Frustrated, the Palestinian public predictably swung to the far right. Their embrace of Hamas does not indicate that most Palestinians are dedicated to destroying Israel; polls show that most support a two-state solution and are weary of the endless violence. Rather, they are sick of the Palestinian Authority and believe that Hamas will be more effective negotiating partners with the Israelis. As a Saudi political talk show host told the Associated Press, "They [Hamas] will be the Arab Sharon. They will be tough, but only a tough group can snatch concessions from Israel."
In a mystifying self-contradiction, Bush trumpeted that "the Palestinians had an election yesterday, the results of which remind me about the power of democracy." If elections were really the same as democracy, and if Bush was so happy about the process, then we might expect him to pledge to work with the results, which by his lights would be intrinsically good. But then he suddenly swerved away from this line of thought, reverting to boilerplate and saying, "On the other hand, I don't see how you can be a partner in peace if you advocate the destruction of a country as part of your platform. And I know you can't be a partner in peace if you have a -- if your party has got an armed wing."
So Bush is saying that even though elections are democracy and democracy is good and powerful, it has produced unacceptable results in this case, and so the resulting Hamas government will lack the legitimacy necessary to allow the United States to deal with it or go forward in any peace process. Bush's double standard is clear in his diction, since he was perfectly happy to deal with Israel's Likud Party, which is dedicated to the destruction of the budding Palestinian state, and which used the Israeli military and security services for its party platform in destroying the infrastructure of the Palestinian Authority throughout the early years of this century.

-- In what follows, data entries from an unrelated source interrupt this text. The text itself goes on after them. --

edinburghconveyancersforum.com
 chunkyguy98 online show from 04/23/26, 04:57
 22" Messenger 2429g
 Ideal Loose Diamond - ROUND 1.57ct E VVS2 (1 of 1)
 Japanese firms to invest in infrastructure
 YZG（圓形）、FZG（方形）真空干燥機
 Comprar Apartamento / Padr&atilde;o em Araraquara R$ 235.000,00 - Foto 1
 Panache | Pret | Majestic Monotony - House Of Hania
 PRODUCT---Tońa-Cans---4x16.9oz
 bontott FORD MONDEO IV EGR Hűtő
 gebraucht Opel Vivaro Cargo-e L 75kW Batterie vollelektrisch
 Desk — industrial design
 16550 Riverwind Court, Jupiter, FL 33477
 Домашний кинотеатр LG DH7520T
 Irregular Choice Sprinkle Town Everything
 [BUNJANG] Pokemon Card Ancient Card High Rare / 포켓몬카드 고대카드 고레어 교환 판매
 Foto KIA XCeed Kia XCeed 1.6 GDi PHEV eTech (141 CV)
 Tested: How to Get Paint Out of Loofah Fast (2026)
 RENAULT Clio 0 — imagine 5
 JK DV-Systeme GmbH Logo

As Orwell reminded us, some are more equal than others.
Bush has boxed himself into an impossible situation. He promoted elections that have produced results opposite of the ones he wanted. For all his constant rhetoric about his determination to hunt down and kill terrorists, in Palestine he has in effect helped install into power a group he calls "terrorists." His confusion over whether this is democracy, which should be legitimate, or is an unacceptable outcome -- and his unwillingness to address the underlying issues behind the Israeli-Palestinian conflict -- suggest that a fatal paralysis will continue to afflict the region.